On Trinity Sunday 1953, all Anglican churches around the world were instructed to host services celebrating the upcoming coronation of Elizabeth II. To ensure that everyone was celebrating the same thing, as by then the Anglican Church of Canada was using its own prayerbook, the Queen’s own publishing house produced a hefty little booklet outlining the appropriate order for Morning Prayer, Eucharist, and Evening Prayer, as well as suggestions for suitable hymns. Our archives don’t say which services St. Matthias’ hosted, although we can hazard a guess at all three.

We do, however, have a bulletin for a Service of Thanksgiving celebrating 10 years of Elizabeth’s reign. It is fascinating to read how Matthians, and presumably other Anglicans on that same Sunday, went through the various steps of the ordination with the kind of ritual remembrance we usually reserve for the Eucharist. As your humble historian has advanced degrees in the study of religion, they cannot help but note how the retracing of Elizabeth’s steps in the three stages of coronation had the effect of deepening her footprints, and thereby reinforcing Elizabeth’s sovereignty over the gathered congregation. In effect, while the Queen never set physical foot in St. Matthias’ (although her sister, Princess Margaret, did attend St. Matthias’ in October 1967), her spiritual presence was very much here.

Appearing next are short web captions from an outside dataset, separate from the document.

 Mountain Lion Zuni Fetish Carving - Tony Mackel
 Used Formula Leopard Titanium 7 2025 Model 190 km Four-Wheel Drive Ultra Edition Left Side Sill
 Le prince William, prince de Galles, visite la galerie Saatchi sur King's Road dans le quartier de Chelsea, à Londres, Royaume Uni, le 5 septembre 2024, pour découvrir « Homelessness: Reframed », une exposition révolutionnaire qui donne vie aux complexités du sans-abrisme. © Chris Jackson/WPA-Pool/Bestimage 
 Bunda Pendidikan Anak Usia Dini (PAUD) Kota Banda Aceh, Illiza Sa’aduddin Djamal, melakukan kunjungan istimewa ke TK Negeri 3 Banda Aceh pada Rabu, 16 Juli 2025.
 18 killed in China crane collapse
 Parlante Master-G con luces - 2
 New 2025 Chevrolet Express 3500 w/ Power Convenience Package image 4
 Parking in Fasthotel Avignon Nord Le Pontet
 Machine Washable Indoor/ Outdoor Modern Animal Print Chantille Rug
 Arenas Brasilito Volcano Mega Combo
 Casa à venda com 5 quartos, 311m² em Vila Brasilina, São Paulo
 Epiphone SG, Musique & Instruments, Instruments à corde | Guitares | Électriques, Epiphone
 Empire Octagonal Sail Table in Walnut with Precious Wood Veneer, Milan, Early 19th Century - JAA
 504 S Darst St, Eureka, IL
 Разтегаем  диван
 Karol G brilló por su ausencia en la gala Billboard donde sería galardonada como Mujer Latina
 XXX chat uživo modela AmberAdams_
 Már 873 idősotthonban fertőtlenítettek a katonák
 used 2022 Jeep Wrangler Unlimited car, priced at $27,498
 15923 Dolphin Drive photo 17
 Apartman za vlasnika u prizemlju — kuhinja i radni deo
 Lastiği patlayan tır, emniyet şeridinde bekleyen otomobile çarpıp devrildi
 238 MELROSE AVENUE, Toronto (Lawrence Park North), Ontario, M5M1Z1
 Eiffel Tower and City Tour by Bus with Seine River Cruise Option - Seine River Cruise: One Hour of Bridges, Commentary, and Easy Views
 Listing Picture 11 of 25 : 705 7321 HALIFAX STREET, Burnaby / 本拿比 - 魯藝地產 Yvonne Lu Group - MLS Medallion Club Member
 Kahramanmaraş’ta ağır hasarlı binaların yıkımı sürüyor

But after the 10th anniversary of her coronation, the reinscribing of Elizabeth’s power in the church seems to have no longer been performed by St. Matthias’ itself. Instead, we see the appearance in 1977 of the Monarchist League of Canada (Montreal Branch), which had only come into being in 1970. Their choice of St. Matthias’ for Quebec’s televised celebration of the Queen’s Silver Jubilee Celebration is a secret our archives do not contain, but we can hazard a guess that as Quebec’s most prominently Anglophone area, Westmount was a logical destination. Beyond this general guess, though, we do know that there were deep (and sometimes unsavoury) connections between Westmount institutions and the Monarchist League – for which the Chancel Guild rejoiced, as it gave them an opportunity to spruce up some altar linens to better show off the church on television.

The Monarchist League came back at least thrice more; our archives have bulletins from their services in 1978 and 1979, and a regular bulletin from 1981 points to the following Sunday as a Monarchist League service. It is unclear when or why they stopped hosting services here; certainly the League itself continues to have a strong presence in Canadian society and politics. A bill before Parliament this spring would change Charles III’s Canadian titles to eliminate “Defender of the Faith,” and given the Monarchist League’s past political actions, we might expect them to take up arms to defend Charles’ status as Canadian Anglicanism’s most prominent authority.